Mr Wason said: “After two years of blood, sweat, tears and money restoring Harpsden Court back to its former glory as a family home, I seemed to have inadvertently kicked a hornets’ nest on this.
“In terms of my straw poll of public opinion locally, most people think I should get a medal but it seems a few have a differing view.
“The Forestry Commission think I’ve done a marvellous job and suggested waiting to see how much light gets through to the ground before carrying out careful and selective thinning.
“I wasn’t there when they visited and was surprised to hear I’d been reported but they agreed the work was all part of forestry management.
“It’s slightly annoying that the complainant couldn’t just pick up the phone as they know we’re here and I’m very happy to discuss anybody’s concerns.
“Before the work started, nobody could walk along that footpath because it was so overgrown and there were so many cars on Sunday mornings.
“I was worried about our liabilities and, more importantly, didn’t want anybody to get hurt.”
Mr Wason says the estate is his family’s “forever home” after returning to Britain from South Africa and they want to be a part of the community.
He said: “It’s a dream come true to own such a beautiful property and we feel very lucky.
“It’s not like we’re some wealthy outsider who has bought the place and then hidden themselves away — we are very much part of this community, as it should be.
“I plan on being carried out of Harpsden Court feet first and have no intention of doing anything negative to the environment.”
Kester George, chairman of Harpsden Parish Council, said: “I understand what Ian is trying to accomplish and think he and his wife have done an excellent job of restoring the estate, which I’ve been hugely supportive of, but I do very much regret the current impact on the copse.
“It is a much-loved feature of the village and I hope that it is only temporary and that within, say, five years it will be back to the woodland it was, if not better.
“There are some potential advantages to what he has done but some in the village are very sad at the disappearance of the trees.
“We are in discussions and he knows I’m sorry that he felt this was necessary.”
Rev Robert Thewsey, rector of Harpsden, Shiplake and Dunsden, said there had been concerns about parking on verges for some time because drivers often speeded up past the church.
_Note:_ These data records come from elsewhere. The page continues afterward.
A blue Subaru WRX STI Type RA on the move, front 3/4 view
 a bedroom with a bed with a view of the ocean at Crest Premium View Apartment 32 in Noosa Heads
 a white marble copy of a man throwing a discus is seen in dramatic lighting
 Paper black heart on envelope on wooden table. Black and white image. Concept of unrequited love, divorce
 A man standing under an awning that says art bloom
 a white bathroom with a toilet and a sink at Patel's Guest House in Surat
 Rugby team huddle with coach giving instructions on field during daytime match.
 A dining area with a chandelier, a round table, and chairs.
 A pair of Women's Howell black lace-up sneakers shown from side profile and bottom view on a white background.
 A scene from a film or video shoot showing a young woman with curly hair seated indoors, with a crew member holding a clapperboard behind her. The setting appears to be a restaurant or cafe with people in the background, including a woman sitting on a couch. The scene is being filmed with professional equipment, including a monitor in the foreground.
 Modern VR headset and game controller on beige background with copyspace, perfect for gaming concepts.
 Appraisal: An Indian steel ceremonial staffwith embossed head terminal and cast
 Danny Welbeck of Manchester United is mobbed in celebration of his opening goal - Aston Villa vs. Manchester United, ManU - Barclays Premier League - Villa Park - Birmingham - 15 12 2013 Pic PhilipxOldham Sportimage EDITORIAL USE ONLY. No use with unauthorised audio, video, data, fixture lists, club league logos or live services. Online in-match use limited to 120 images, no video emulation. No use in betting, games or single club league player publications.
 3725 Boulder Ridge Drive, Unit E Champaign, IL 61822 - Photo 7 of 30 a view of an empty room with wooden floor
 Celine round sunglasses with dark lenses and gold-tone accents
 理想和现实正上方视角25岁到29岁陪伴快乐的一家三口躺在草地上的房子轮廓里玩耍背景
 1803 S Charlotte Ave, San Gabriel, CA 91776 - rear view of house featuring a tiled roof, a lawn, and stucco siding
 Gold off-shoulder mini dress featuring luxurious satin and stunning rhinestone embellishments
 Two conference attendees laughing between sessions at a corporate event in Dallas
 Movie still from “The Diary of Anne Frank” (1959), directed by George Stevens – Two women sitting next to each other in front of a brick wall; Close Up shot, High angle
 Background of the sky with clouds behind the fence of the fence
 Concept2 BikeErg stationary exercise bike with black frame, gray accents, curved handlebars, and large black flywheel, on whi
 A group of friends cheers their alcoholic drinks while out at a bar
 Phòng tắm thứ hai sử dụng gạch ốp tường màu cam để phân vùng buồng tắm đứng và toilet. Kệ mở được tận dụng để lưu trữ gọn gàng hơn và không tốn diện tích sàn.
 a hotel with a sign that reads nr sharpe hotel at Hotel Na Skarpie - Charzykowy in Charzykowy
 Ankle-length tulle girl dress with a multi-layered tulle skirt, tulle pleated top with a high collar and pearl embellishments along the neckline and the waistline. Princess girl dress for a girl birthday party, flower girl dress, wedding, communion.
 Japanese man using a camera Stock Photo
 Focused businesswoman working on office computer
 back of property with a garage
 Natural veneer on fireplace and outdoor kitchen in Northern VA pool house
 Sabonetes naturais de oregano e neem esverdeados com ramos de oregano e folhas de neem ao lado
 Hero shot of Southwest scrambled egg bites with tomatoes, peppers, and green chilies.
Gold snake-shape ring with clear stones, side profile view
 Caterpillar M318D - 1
He said: “We had been talking about converting part of the graveyard into a parking area but were advised that would affect the historic fabric of the church so it wasn’t an option.
“We’ve had ‘slow’ signs out ever since.
“Ian’s gesture is incredibly helpful as it makes things far safer for parishioners.
“We did drop a small hint when the family first moved in and they’ve always been supportive of us.”